Overview

In any mission critical communications system it is imperative to have built  in-redundancy. VCOM supports this function with a Failover capability. 

Failover by definition is the ability to automatically switch over from a  primary working server to a secondary backup server should there be any catastrophic failure in operation of the primary server or its associated network.


Implementation


In the primary server, the IP address of the secondary server is configured.  When the primary server starts, a connection to the secondary server is immediately established. Through this connection the primary server shares its licensing information to the secondary server so that individual licensing for the secondary server is not required. Additionally, the primary server conveys any operational changes to the system configuration to secondary  server in real time so that the system configurations remain synchronized. This connection will remain active as long as both servers are running. If this connection is lost, the secondary server will immediately assume it is an active server allowing VCOM clients to connect. However in some cases even if the connection is not lost, the complexities of some network failures may still warrant the secondary server becoming the active server.


When any VCOM client logs into the primary server, the secondary server IP  address is automatically provided to it. In the event that communications with the primary server is lost, the client will automatically attempt to connect to the secondary server. If the secondary server is available and active, the VCOM client will log into the secondary server. Once the secondary server becomes the active server, switching back to the primary server generally will require a manual authorization as the condition that caused the failover would need to be properly evaluated to ensure there is no possibility for re-occurrence of that event which would unnecessarily disrupt active communications.
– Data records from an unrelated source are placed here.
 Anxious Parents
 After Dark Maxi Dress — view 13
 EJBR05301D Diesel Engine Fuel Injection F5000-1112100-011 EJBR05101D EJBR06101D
The manual switchover can be controlled through the System Administration application.


Failover Criteria


In normal operations, the primary server is always the active server. In  general as long as the communications link between the primary and secondary server is connected, the primary server will remain as the active server. When a server is not the active server, logins will not be allowed. There are many different scenarios that can result in a failover event. The most common are as follows:


Communication link between primary and secondary servers lost due to primary  server failure. 

In this simplest scenario, the secondary server would recognize the  loss of the primary server and immediately become the active server. 

All clients would also recognize the loss of the primary server and  would immediately reconnect to the secondary server. 


  • Communication link between primary and secondary servers lost due to failure of network infrastructure. In this scenario, the secondary server would recognize the loss of the primary server and immediately become the active server. Since the primary server is still running, it too would also still consider itself to be the active server. However, if the network failure also resulted in the simultaneous loss of the majority of connected VCOM clients the primary server will deactivate itself forcing all remaining clients to connect to the secondary server. 


  • Communication link between primary and secondary servers is not lost but partial failure of network infrastructure. In this scenario, the partial network failure may result in the loss of a large portion of the VCOM clients. In this case the primary server will inform the secondary server to activtate allowing connections to be made. If the secondary server reports the client connection were established the primary server will deactivate itself forcing all remaining clients to connect to the secondary server.


Summary

The VCOM Failover support is an integral part of any mission critical  communications solution. While its operation will never be visible to the end user, it availability in the case of an unforeseen catastrophic primary server failure will quickly restore communications capability.